How long does this scene change take? If it is short, can the orchestera improv on the main theme? If it is at intermission, do you really need music?


----------



## cutlunch (Jan 17, 2005)

I would tend to use music from the period you are setting the play in. Probably not pounding beat music but something mellower . It also depends on how a scene ends and whether the mood needs to be maintained into the next scene. For example after a tense scene I wouldn't use fluffy happy music. I would tend to use instrumental versions as opposed to original vocal versions .


----------



## Peter (Jan 17, 2005)

I think it really depends on the type of show you are doing. Pick some music that fits in with the theme of your play. 

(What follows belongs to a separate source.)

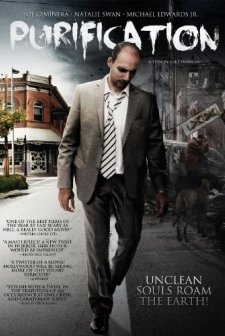 Purification (2012) afişi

By the way, welcome to Controlbooth.com! We are glad to see you and hope you have a chance to look around the rest of the forums and add any experience you may have! Welcome

-the official welcome wagon (part 1)


----------



## ccfan213 (Jan 17, 2005)

on our last show, the picnic, it was set in the 20s so we used 20s jazz type stuff during set changes, last year our show was a series of one scene sketches written by students, so after each sketch i played a song that pertained to that sketch, like after one dealing with the devil i played "devil went down to georgia" or one about a writer i played "paperback writer" there is no specific music, you have to do it based on the show, unless u wanna get some crappy elevator music evereone hates, but i wouldnt suggest it.


----------



## SuperCow (Jan 18, 2005)

For Macbeth, we played beits of the 70's rock song "In La Gota Da Vida." It was very atmospheric.


----------



## avkid (Jan 18, 2005)

classical(instrumental)music will almost always work.
Welcome to Controlbooth
The OFFICIAL welcome wagon(I am part 1!!)


----------



## jedijeffp (Jan 18, 2005)

Assuming it's a musical, the orchestra may have either dedicated scene change music, or they may repeat a musical theme from the last scene. For plays and performances without a specific musical score, I would go with music from the period that is either the same tempo as the previous scene, or the same tempo as the new scene. For example, if the transition is from a somber court scene to a wild mob scene, the scene change music may be something that starts slow and quiet then builds in tempo and intensity into the mob scene. Scene change music will have an impact on audience perception, so the director may have some ideas of generes and themes. I also try to stick with instrumentals during scene changes, but that's just a personal preference.

Jeff


----------



## len (Jan 18, 2005)

Barefoot In The Park = Grazin' In The Grass by Hugh Masekala (sp?)


----------



## Scooter (Jan 26, 2005)

I have found that Blue Man Group (Audio Album) will always work in a pinch but a) i'm a drummer and therefore partial to it and b) I don't know that show but i'm shure you could be able to find something to go with the time period.

hope i could help.


SuperCow said:


> For Macbeth, we played beits of the 70's rock song "In La Gota Da Vida." It was very atmospheric.



In-A-Gadda-Da-Vida, I love that song.


----------



## SketchyCroftPpl (Jan 26, 2005)

We never really do scene change music at all unless its a musical like someone else said when we then have them play little snippits of songs. Otherwise if its a normal show our scene change times are normally under a min if we get it right so we just let them sit there and think for that long.

~Nick


----------



## avkid (Jan 26, 2005)

how can a 17 minute long song not be awesome?


----------



## SuperCow (Jan 26, 2005)

It is a true epic. Especially the part with the elephant-like noises.


----------



## Scooter (Jan 26, 2005)

SuperCow said:


> It is a true epic. Especially the part with the elephant-like noises.



it is one of the all time greats


----------